EXERCISE OBJECTIVE
Pictures are to be dropped, and only the lines from the one containing "展廳玻璃鋼卡通造型八路軍戰士雕塑 展廳玻璃鋼卡通造型八路軍戰士雕塑" through the end of the data below are to be reproduced as written.

TASK MATERIAL

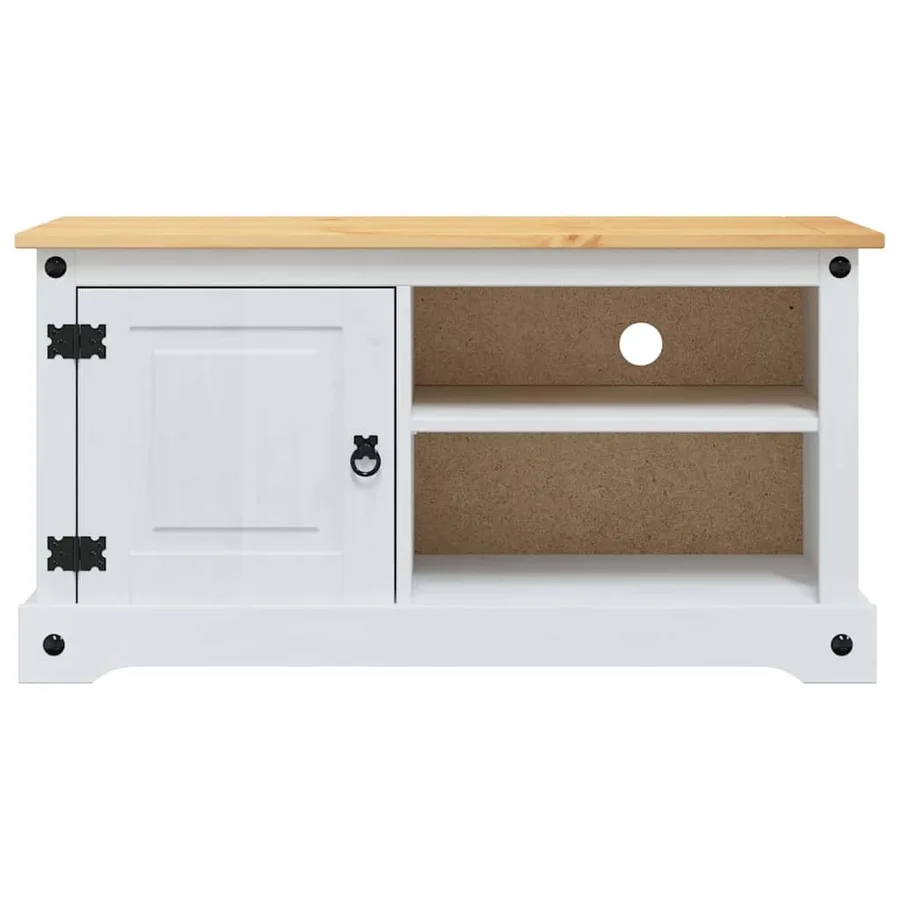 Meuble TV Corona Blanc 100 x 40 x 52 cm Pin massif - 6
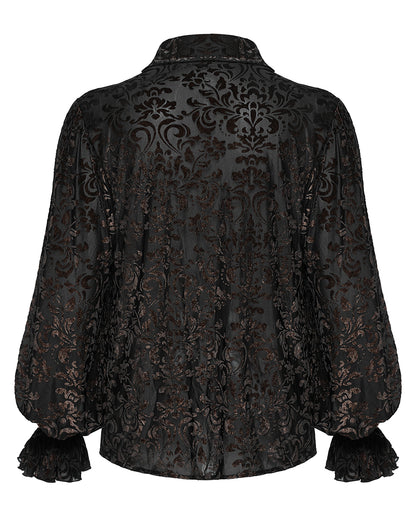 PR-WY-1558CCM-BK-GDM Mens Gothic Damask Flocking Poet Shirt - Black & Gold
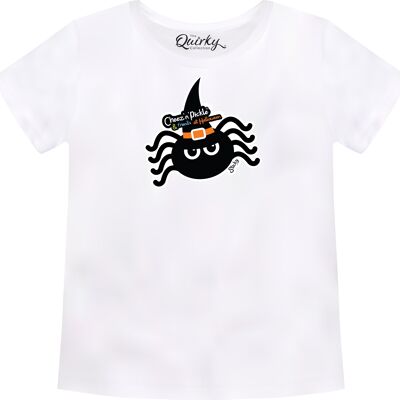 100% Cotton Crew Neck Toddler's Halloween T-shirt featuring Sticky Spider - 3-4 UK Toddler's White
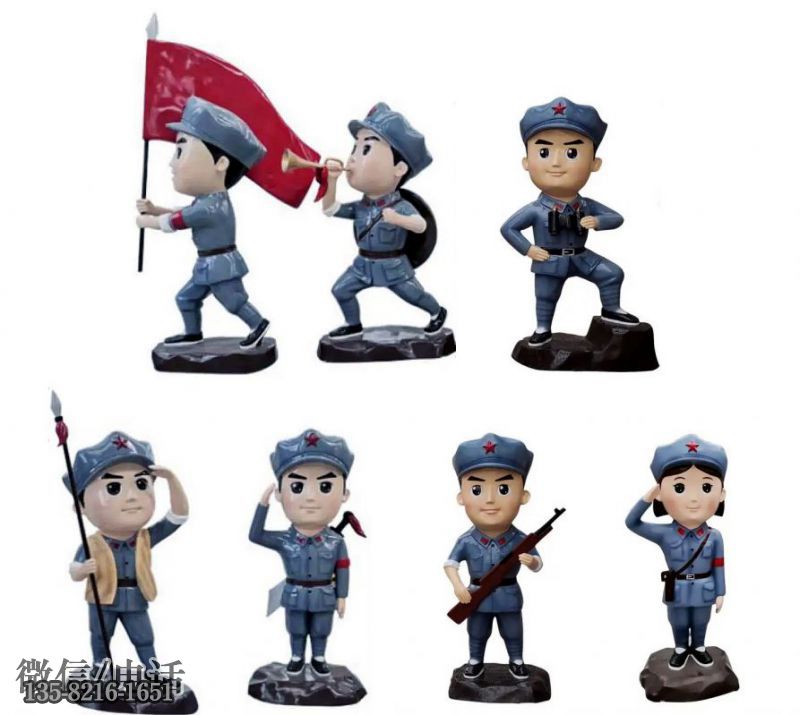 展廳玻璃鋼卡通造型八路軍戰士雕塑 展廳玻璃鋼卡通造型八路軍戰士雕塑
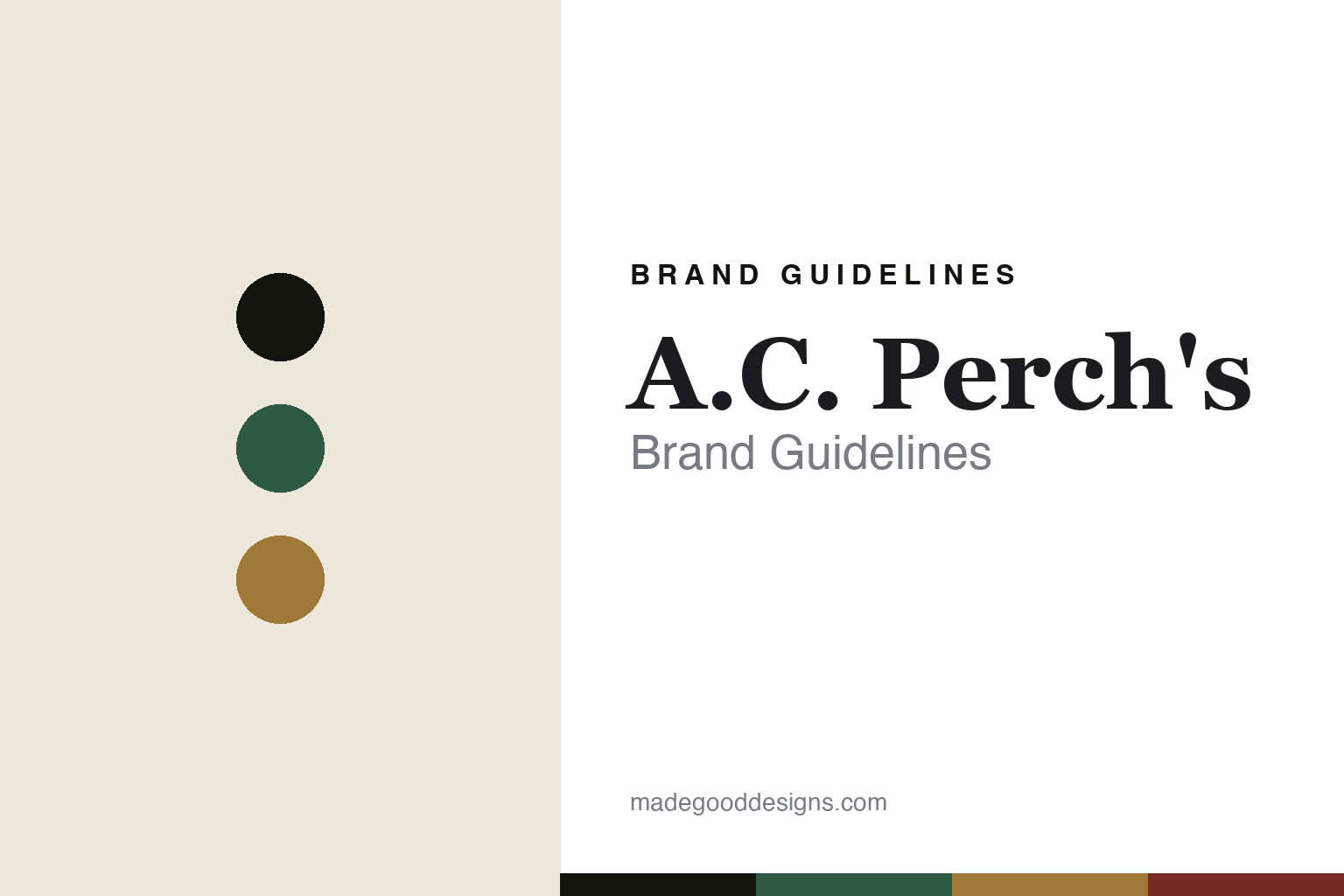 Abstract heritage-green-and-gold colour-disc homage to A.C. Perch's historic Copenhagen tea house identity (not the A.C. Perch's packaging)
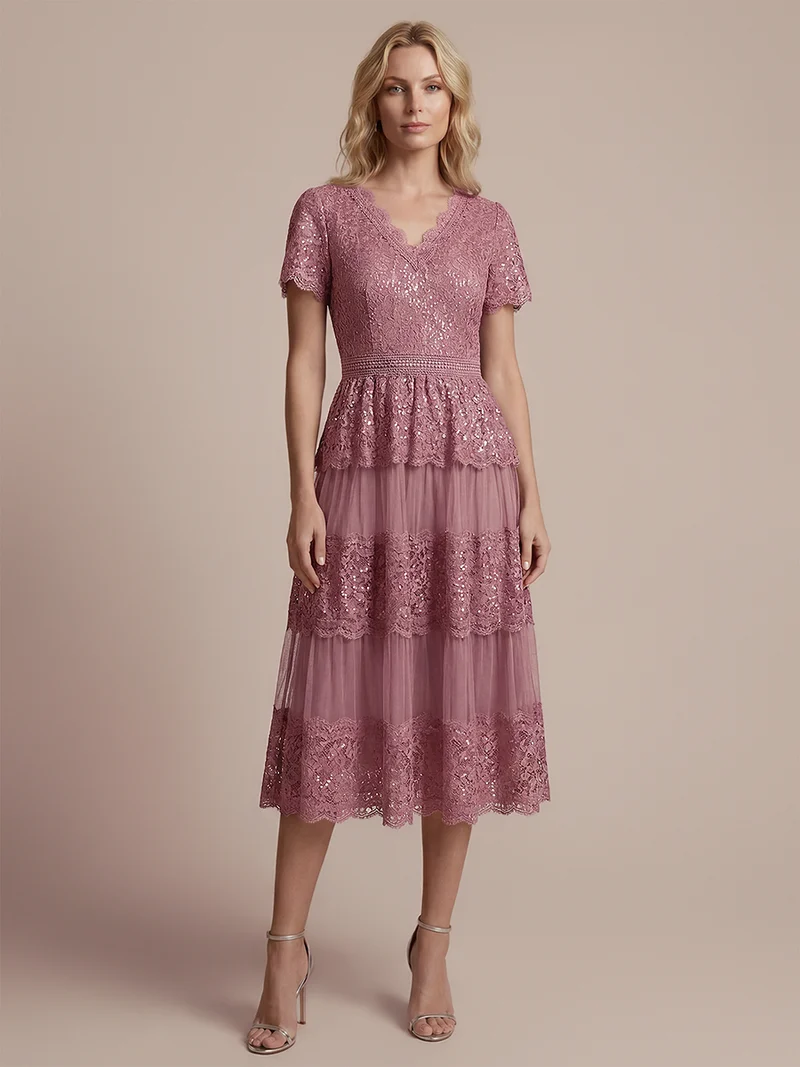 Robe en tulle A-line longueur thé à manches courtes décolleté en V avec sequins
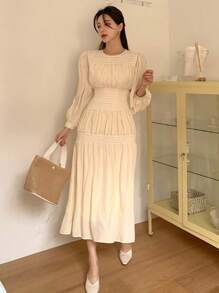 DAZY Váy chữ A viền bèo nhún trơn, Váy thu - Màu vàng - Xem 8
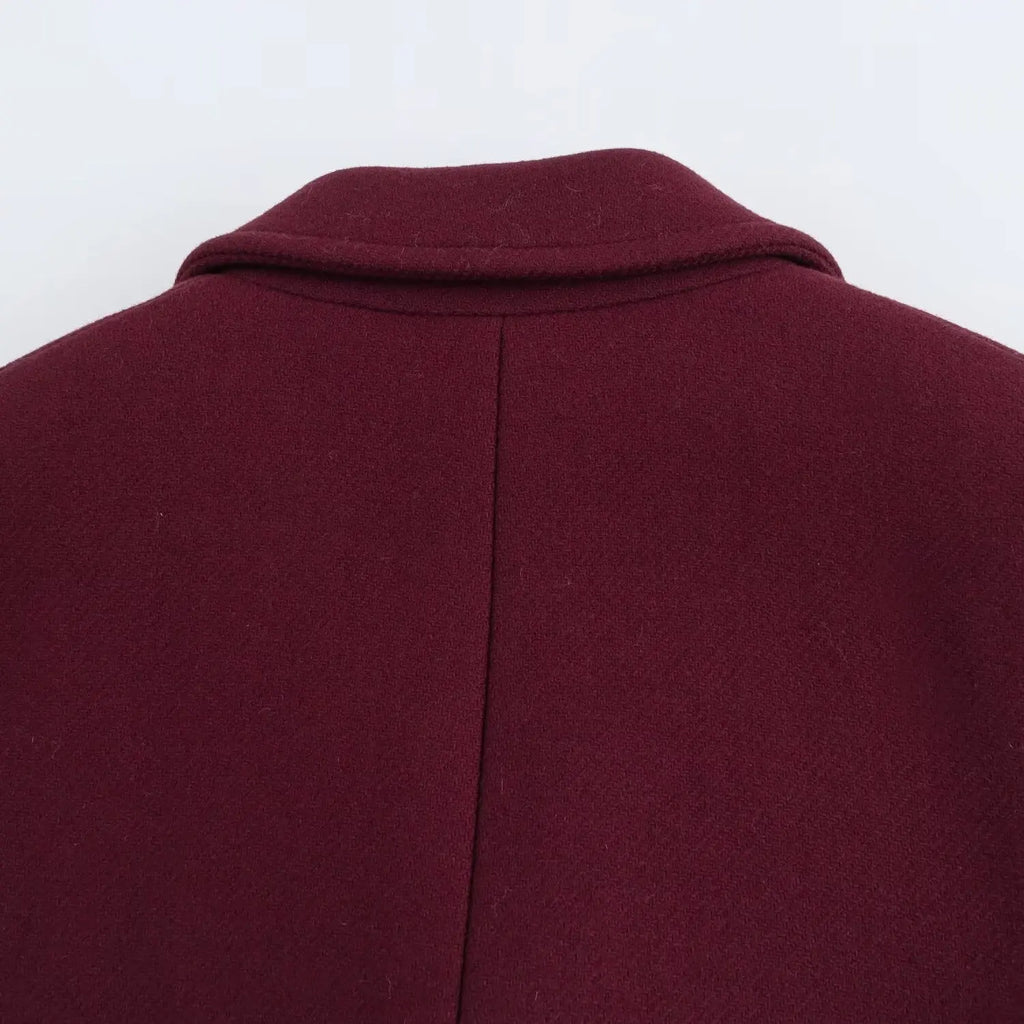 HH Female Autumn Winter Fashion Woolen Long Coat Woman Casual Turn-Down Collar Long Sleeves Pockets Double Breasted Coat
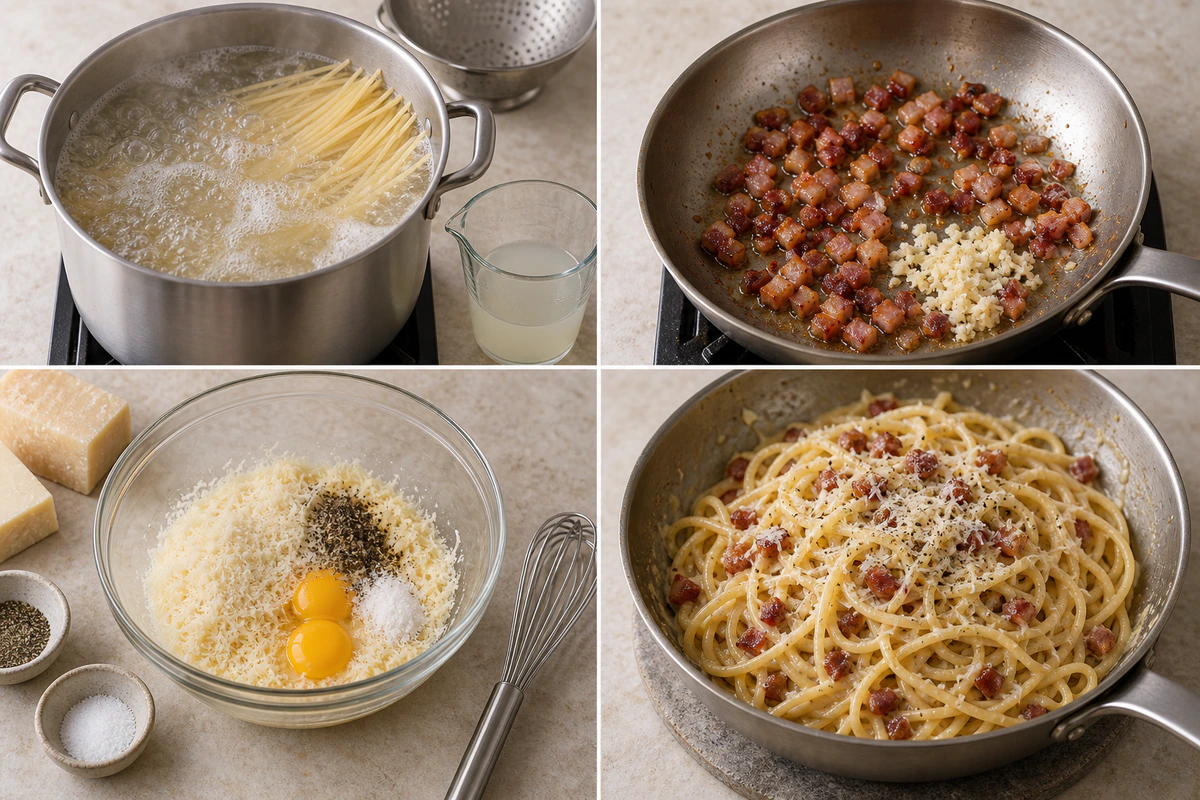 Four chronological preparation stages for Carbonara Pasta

THE ANSWER
 展廳玻璃鋼卡通造型八路軍戰士雕塑 展廳玻璃鋼卡通造型八路軍戰士雕塑
 Abstract heritage-green-and-gold colour-disc homage to A.C. Perch's historic Copenhagen tea house identity (not the A.C. Perch's packaging)
 Robe en tulle A-line longueur thé à manches courtes décolleté en V avec sequins
 DAZY Váy chữ A viền bèo nhún trơn, Váy thu - Màu vàng - Xem 8
 HH Female Autumn Winter Fashion Woolen Long Coat Woman Casual Turn-Down Collar Long Sleeves Pockets Double Breasted Coat
 Four chronological preparation stages for Carbonara Pasta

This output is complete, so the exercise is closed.